Les responsables politiques sont appelés à une mise à plat de leur action en dehors des rendez-vous électoraux.
L’on devrait davantage écouter Abdellatif Jouahri, wali de Bank-Al-Maghreb (BAM). Il est une voix qui compte dans le débat national. Il vient d’en fournir une nouvelle illustration, mardi 19 février 2019 à Rabat, lors de la conférence The Euromoney Conference Morocco.
Dans son intervention, il a abordé -comme le HCP, le CMC ou des organismes internationaux- la problématique du modèle de développement à l’ordre du jour, mais aussi autre chose: le rôle des partis politiques. Contrairement à certaines réactions, ce n’est pas là un thème inédit dans les interventions de ce haut responsable. Ainsi, peut être citée, entre autres, son allocution devant le Roi, le 19 juillet 2013, lors de la présentation du rapport annuel de 2012: «La stabilité politique, avait-il déclaré, dépendra de l’amélioration des conditions de vie des Marocains». Deux ans après la contestation du printemps 2011, voilà une recommandation qui ne manque pas de relief. Voici près de trois ans encore, devant le Souverain, il avait souligné le 29 juillet 2016, dans son rapport de 2015, qu’il fallait «renforcer le front interne et placer les enjeux stratégiques au-dessus des considérations d’ordre politique ou catégoriel».
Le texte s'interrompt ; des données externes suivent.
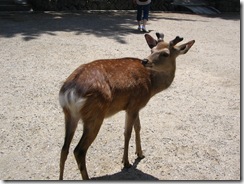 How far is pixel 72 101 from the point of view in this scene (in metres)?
3.14

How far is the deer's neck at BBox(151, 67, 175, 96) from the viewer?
12.9 feet

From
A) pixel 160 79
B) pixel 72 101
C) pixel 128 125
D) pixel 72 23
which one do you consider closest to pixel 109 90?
pixel 72 101

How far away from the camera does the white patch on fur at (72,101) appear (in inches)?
122

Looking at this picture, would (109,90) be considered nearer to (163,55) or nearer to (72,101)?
(72,101)

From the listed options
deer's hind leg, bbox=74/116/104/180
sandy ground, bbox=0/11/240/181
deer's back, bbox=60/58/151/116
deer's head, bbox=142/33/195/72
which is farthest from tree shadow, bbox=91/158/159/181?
deer's head, bbox=142/33/195/72

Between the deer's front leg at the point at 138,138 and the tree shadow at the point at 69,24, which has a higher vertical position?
the tree shadow at the point at 69,24

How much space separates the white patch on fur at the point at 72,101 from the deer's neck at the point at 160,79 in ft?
3.50

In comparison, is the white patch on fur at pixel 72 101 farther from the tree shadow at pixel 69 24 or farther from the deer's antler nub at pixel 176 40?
the tree shadow at pixel 69 24

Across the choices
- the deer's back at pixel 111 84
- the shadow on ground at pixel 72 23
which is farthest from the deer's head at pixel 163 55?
the shadow on ground at pixel 72 23


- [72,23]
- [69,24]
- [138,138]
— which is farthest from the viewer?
[72,23]

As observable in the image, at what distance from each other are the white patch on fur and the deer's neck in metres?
1.07

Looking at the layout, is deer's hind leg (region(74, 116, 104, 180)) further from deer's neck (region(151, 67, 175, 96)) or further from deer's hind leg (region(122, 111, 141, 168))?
deer's neck (region(151, 67, 175, 96))

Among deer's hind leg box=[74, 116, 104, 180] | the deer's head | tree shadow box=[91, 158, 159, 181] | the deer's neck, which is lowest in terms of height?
tree shadow box=[91, 158, 159, 181]

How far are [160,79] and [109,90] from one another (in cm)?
88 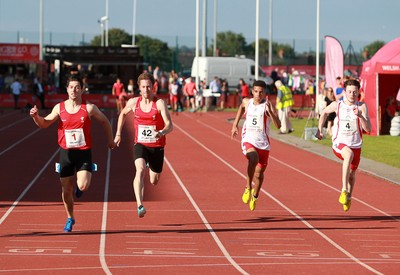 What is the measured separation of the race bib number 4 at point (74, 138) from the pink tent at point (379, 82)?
927 inches

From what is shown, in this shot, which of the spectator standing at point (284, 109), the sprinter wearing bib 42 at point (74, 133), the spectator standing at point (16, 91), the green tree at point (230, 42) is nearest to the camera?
the sprinter wearing bib 42 at point (74, 133)

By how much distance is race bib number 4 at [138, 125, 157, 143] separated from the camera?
49.3 feet

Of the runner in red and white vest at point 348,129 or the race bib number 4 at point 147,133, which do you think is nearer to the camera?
the race bib number 4 at point 147,133

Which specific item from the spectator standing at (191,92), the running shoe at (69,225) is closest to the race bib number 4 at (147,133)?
the running shoe at (69,225)

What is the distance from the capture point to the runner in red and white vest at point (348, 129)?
631 inches

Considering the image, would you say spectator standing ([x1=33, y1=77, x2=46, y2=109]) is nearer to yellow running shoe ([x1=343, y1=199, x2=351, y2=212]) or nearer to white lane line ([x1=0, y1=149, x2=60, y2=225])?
white lane line ([x1=0, y1=149, x2=60, y2=225])

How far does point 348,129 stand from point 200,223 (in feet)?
8.01

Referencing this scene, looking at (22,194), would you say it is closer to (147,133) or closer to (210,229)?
(147,133)

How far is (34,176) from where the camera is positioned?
72.8 feet

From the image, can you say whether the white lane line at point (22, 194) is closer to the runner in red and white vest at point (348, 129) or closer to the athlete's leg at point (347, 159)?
the runner in red and white vest at point (348, 129)

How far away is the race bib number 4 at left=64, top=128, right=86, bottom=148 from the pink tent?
2355 cm

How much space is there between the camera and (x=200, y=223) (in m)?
15.5

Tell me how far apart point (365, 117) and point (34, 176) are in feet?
26.8

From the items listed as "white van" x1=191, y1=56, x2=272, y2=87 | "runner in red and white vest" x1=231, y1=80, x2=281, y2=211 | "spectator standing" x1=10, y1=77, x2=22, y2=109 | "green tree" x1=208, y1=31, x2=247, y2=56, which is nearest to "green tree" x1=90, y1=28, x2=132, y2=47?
"green tree" x1=208, y1=31, x2=247, y2=56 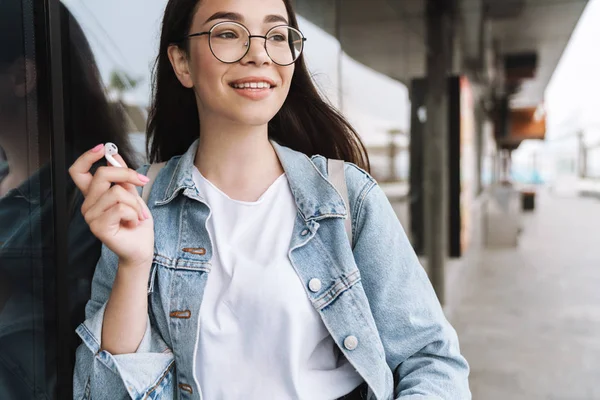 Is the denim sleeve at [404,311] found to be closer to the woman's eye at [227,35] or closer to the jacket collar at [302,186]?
the jacket collar at [302,186]

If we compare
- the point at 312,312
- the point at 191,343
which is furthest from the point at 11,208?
the point at 312,312

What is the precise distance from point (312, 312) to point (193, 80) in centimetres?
53

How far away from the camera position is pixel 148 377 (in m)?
1.07

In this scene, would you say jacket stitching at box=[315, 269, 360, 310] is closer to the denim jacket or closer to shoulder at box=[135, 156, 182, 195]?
the denim jacket

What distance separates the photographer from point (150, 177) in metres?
1.23

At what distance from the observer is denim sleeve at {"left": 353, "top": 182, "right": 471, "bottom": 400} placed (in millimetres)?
1088

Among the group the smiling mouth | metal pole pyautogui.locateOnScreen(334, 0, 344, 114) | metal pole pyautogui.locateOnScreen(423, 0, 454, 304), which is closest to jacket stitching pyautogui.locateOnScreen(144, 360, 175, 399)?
the smiling mouth

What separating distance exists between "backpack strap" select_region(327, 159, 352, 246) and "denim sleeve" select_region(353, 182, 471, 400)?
0.05 feet

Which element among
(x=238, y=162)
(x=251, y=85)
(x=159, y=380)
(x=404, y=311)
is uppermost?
(x=251, y=85)

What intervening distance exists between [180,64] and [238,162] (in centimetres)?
24

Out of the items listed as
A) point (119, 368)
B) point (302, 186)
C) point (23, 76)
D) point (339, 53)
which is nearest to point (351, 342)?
point (302, 186)

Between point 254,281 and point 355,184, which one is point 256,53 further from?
point 254,281

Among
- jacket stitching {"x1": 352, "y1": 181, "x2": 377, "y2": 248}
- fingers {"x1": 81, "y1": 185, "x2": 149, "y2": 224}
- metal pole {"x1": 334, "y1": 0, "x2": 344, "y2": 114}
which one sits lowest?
jacket stitching {"x1": 352, "y1": 181, "x2": 377, "y2": 248}

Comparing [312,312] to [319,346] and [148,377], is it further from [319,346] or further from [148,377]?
[148,377] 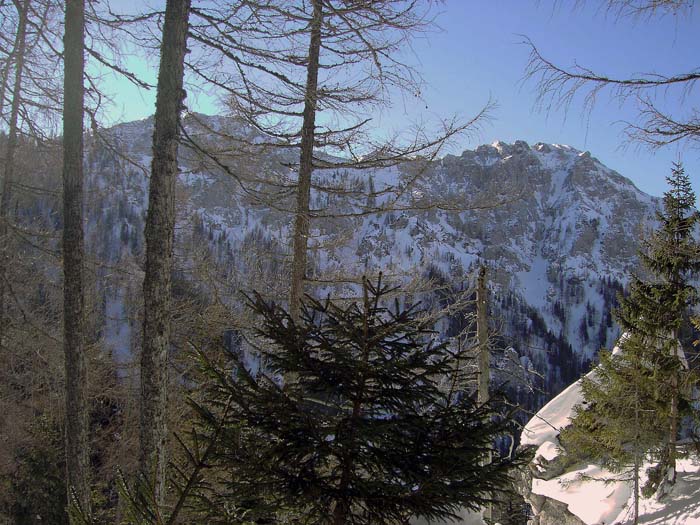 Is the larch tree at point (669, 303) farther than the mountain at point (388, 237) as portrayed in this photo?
Yes

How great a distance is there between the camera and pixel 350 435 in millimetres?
2391

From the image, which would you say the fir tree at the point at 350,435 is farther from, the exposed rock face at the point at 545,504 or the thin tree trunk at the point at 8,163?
the exposed rock face at the point at 545,504

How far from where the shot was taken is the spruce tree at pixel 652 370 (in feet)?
35.6

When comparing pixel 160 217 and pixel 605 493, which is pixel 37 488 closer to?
pixel 160 217

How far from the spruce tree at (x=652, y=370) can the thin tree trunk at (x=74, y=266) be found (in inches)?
440

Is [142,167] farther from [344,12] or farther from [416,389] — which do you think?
[416,389]

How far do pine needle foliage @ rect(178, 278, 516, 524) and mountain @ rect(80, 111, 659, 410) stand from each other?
2273 mm

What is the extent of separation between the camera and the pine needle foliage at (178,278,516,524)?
7.90ft

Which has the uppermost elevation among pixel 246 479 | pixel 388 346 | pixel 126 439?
pixel 388 346

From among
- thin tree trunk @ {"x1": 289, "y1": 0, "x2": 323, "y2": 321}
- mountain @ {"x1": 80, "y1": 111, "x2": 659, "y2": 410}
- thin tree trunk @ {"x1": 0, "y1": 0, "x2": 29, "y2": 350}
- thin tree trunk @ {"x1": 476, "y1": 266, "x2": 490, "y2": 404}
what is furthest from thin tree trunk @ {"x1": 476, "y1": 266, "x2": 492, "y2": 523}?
thin tree trunk @ {"x1": 0, "y1": 0, "x2": 29, "y2": 350}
Cette semaine, le wali de la banque centrale est allé sans doute plus loin en appréhendant de manière critique le travail des formations politiques. Il a ainsi appelé les responsables politiques et gouvernementaux à une mise à plat de leur action et ce «en dehors des exercices réguliers des lois de Finances et des rendez-vous électoraux ». Il considère dans cette même ligne que pareille mise en question «devrait être instaurée comme une exigence permanente dans le processus d’élaboration de la politique publique sur la base d’évaluation neutre et objective». Et d’ajouter que «c’est de cette manière que le pays pourra redonner crédibilité à l’action publique et aux institutions politiques».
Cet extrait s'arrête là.